Yeah, kinda backwards there, but I have a feeling this is just a semantics issue. Still it's better to get people on page with the way the larger GW community talks.

Just because AB doesn't know how to coordinate and spike enough does not make modern balanced a "pressure" build. While adrenal warriors are decent pressure machines, the reason they are preferred over superior DPS choices like Rampage thumper rangers, is their ability to unload a quick and focused spike through high-damage adrenaline skills, supported by mesmers or rangers that can temporarily shut down defense long enough for the spike to go through. Against a decent team, balanced is not going to score kills without frequent spike calls.
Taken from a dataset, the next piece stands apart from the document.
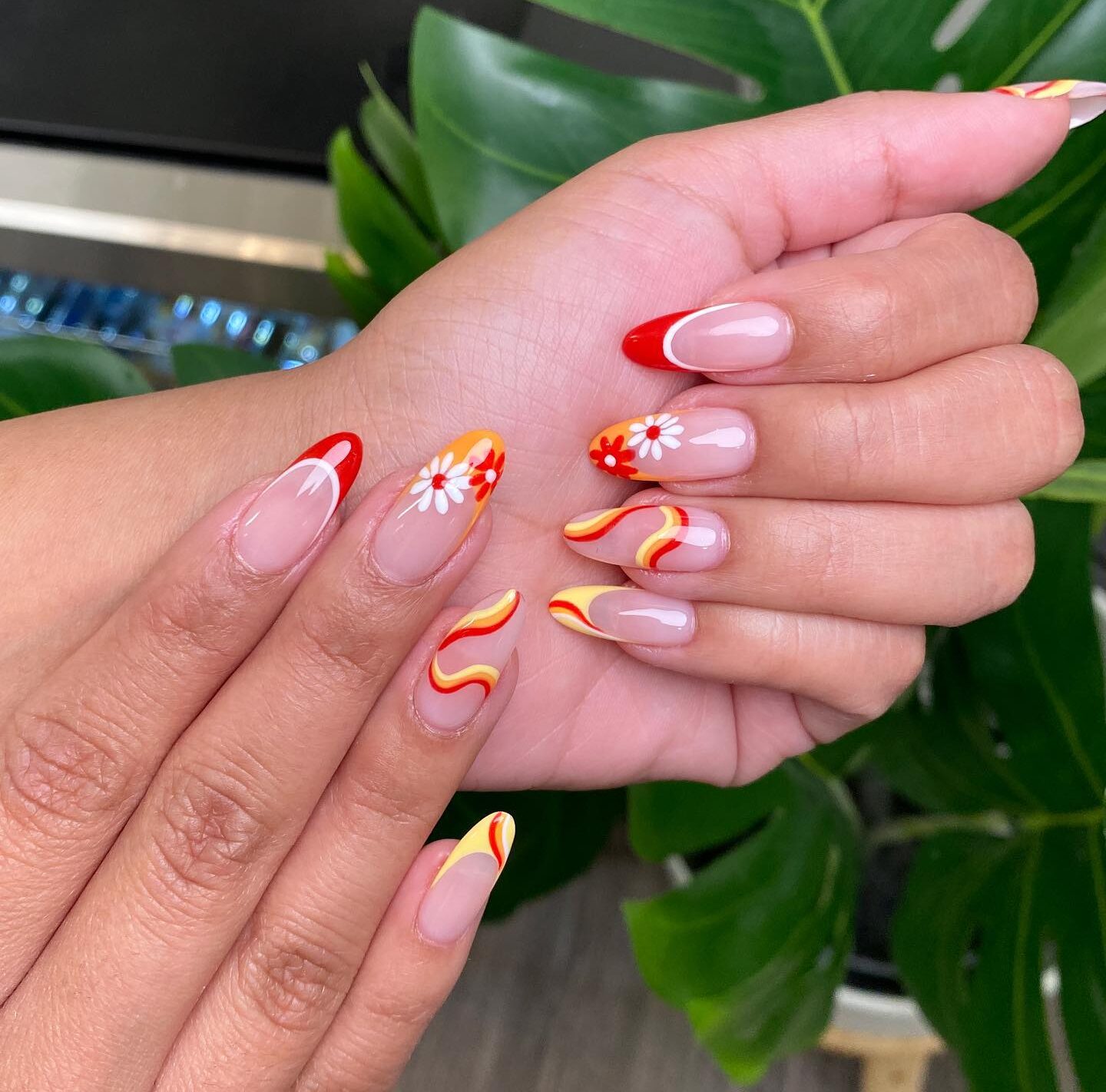 Longs ongles ronds en acrylique transparent avec des pointes françaises rouges et oranges, des tourbillons et des motifs d’ongles floraux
In the past there have been "pressure balance" builds like COW ran with 3 warriors, paragon, and zealot's fire smiter, but that isn't what the typical 2 warrior, ranger, dom mesmer, fastcast water thing is doing.

5+ SF ele build has a strong spike but it's uniquely pressure-oriented among caster gimmicks, capable of outputting mass AoE damage that melee hate does nothing to stop. Also lone SF guys in balance have seen play from time to time, although that was when elementalist wards and Victory of Death was everywhere. Just the -7 degen in a huge area was relevant in that environment.

A better example of "true" pressure would be thumpers with tainted flesh Minon Masters, or "lameway" thumpers backed by smite monks. There it's just pure thumper DPS paired with mass degen or AoE smiting, which often enough prevails against lower level teams despite the lack of disruption. Similarly we can look at Soul Barbs/Recurring Insecurity that SUP played in this monthly, for a brutally fast and difficult to shutdown spike.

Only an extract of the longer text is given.